Your password is too weak, we’ve all seen this, right? We often jokingly respond well, so is my memory, haven’t we? Sounds like a funny yet common incident, but that’s not how security should be treated, for all we know data theft can prove to be utterly dangerous. The fear we experience when we leave our phones unlocked or systems logged in is due to a lack of cyber security.
Cyber Security is one of the important topics that are concerned when we discuss IT as a whole. Even in daily life cyber security is of paramount importance. Cyber security is as good as essential to any system.
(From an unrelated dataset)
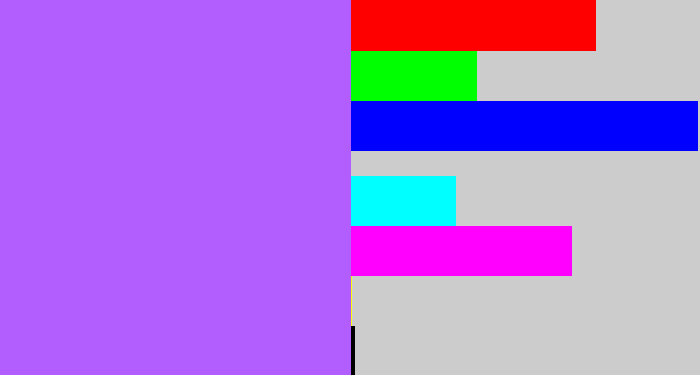 Hex color #b25dfd - lighter purple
Well, you definitely know what cyber security is but let’s see it once again.
Cyber security is referred to as the practice of defending computers, servers, electronic systems, mobile phones, data, and networks from any malicious attacks. With the advent of the new age, data is becoming the currency and so is its safety. Hence Cyber security is growing at an alarming pace. With the hype around cyber security, there are numerous myths and notions as well.
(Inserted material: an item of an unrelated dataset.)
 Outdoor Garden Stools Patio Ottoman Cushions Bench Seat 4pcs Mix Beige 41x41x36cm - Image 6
In this blog we shall address the same and discuss the most common myths regarding cyber security, also we will try to debunk those myths.
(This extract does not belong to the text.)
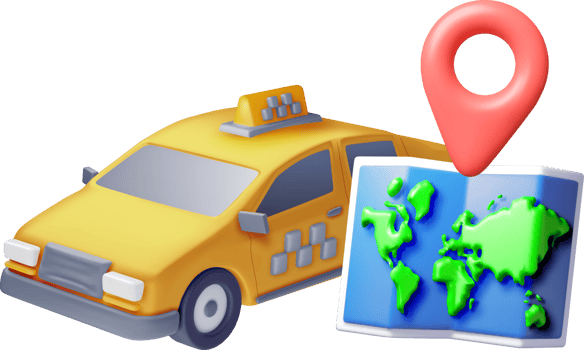 3D Taxi with World Map and Location Pin png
Cyber Security Myths or Facts:
1. Hackers won’t target your small business
Myth or a fact?
Most definitely Cyber Security myths. This myth is something that got widely spread if we go by the media coverage. Believing that only big organizations get attacked is a myth. It is persistent because the news, and mainstream media propagate that huge sums of money can be extorted from such organizations. Many researchers and federations for small businesses have reported that small businesses have at least 10,000 cyber attacks a day.
Reason: The reason for this widespread weak security amongst all small business ventures was attributed to reasons like lack of formal password policies, absence of updates and not utilizing the security software.
Why are small businesses targeted?
Although the financial gain by hacking into a bigger enterprise is definitely way more, an attack like this can force a small business to shut down forever.
Every 19 seconds a small business is attacked in the UK. An absolute fact.
2. Protection is only needed from hackers.
Myth or a fact?
A 100%, not a fact. Hackers are one of the biggest potential threats that exist, but we can not be naive enough to ignore the threat that is posed to the data, information, etc from inside malicious attacks, by staff members, etc.
The reason can either be unintentional or due to an employee’s negligence, for instance, an employee can lose USB sticks with sensitive data on them.
Secondly, a disgruntled employee can also leak information, if they have access to customer information or any kind of sensitive information.
What can be done to prevent this?
The way to prevent such insider attacks is, to lock down access to highly sensitive information, or customer information. Secondly, ensuring that fewer employees have access to information is crucial.
As for accidental breaches, there should be a policy that works to combat the damage or prevents causing the damage. There should be policies that state removable devices should be encrypted.
Excessive downloading could be a sign of an Insider threat. Another fact.
3. Your passwords are going to keep you safe.
Myth or a fact?
This one remains a paradox. The stance is still unclear as the passwords are essential to ensure a system will be safe, although a password won’t guarantee complete safety from threats of any kind. There still remains a long-held misconception about passwords. The first one is that capital letters, numbers, or special characters will make the password uncrackable. The password, however complex, if it is short will be easier to crack. The length of the password is the real trick, if it is longer it will definitely take time for the hacker to crack it.
The reason for the propagation of this myth is that a lot of business accounts require uppercase letters, special characters, etc.
How to counter this issue?
It is advisable to always have a long password because it’ll be harder for the hacker to crack. It’s always recommended to use a phrase from a movie or book that you can remember.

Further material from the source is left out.